The thunder of applause that swept the auditorium drowned his further speech. Down among the graduates Marjorie Dean presented a petrified figure of amazement. Her brown eyes blinded by tears, she heard dimly the vigorous acclamation of her schoolmates and townspeople. Dimly she was aware that Jerry was holding one of her hands; Constance the other. With a little sob, she freed them, hiding her burning cheeks behind them. Nor did she have the courage to remove them until the clamor died away. Again she heard the speaker’s voice.
“I have also another announcement to make which, while not strictly related to high school matters, pertains to a number of the graduates who are members of the senior class sorority, ‘The Lookout Club.’ During the short period in which this sorority has been in existence it has accomplished much good. Mr. Victor La Salle, one of our most prominent Sanford citizens, wishes me to state that in token of his kindly regard for Miss Marjorie Dean, a member of the club, he wishes to make an endowment of one thousand dollars a year to be used by the Lookout Club as a help in carrying on their work.
“I may also add that Miss Dean is to be congratulated on having attained to so high a position of regard in the estimation of the donors.”
Marjorie could never quite remember the ending of the Commencement exercises. As in a dream she walked up on the stage with her class to receive her diploma to the tune of fresh and infinitely embarrassing applause. The unexpected had robbed her of coherent thought. Three words alone sang in her bewildered brain, “Veronica Browning Lynne.”
The exercises ended, she moved mechanically off the stage in the line of graduates, headed toward the anteroom.
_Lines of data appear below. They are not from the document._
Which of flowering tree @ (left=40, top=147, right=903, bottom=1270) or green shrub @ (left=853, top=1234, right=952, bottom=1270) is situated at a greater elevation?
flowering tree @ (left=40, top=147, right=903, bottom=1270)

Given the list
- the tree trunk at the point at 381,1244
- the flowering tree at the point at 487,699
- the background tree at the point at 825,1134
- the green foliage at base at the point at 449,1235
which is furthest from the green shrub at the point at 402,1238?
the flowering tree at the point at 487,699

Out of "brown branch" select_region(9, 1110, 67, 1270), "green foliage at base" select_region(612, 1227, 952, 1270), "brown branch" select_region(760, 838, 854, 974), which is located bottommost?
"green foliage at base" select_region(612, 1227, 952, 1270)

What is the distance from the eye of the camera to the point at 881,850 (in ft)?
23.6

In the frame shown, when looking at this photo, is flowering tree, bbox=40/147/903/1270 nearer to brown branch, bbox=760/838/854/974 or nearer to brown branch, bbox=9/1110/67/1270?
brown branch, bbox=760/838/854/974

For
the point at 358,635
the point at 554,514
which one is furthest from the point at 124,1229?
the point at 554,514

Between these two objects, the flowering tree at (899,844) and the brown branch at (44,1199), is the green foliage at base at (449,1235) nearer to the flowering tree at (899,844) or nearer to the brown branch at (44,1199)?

Exiting from stage into the side room, she became immediately the center of a buzzing throng of highly excited girls.
“Here she is, Marjorie,” shrieked Jerry, as she laid gentle hold on Veronica and shoved her into Marjorie’s outstretched arms.
“Ronny, who are you?” was all Marjorie could say as she folded Miss Archer’s “servant girl” in her arms.
For answer Veronica merely laughed. Raising her clear voice she said, “Girls, I have something to say to you. I am a wicked impostor. I hope you’ll all forgive me for deceiving you so long. I did so for purely personal reasons. I am really not so very poverty-stricken and I was never a servant of Miss Archer’s. She is my god-mother. I came to visit her, but decided to stay in Sanford and go to high school. I played at being a servant just for fun. That’s all.”
It was indeed “all” so far as Veronica wished the majority of her classmates to know. That afternoon, however, Marjorie, Jerry and Constance gathered in Miss Archer’s living room to hear the more intimate details of the affair from Veronica’s lips.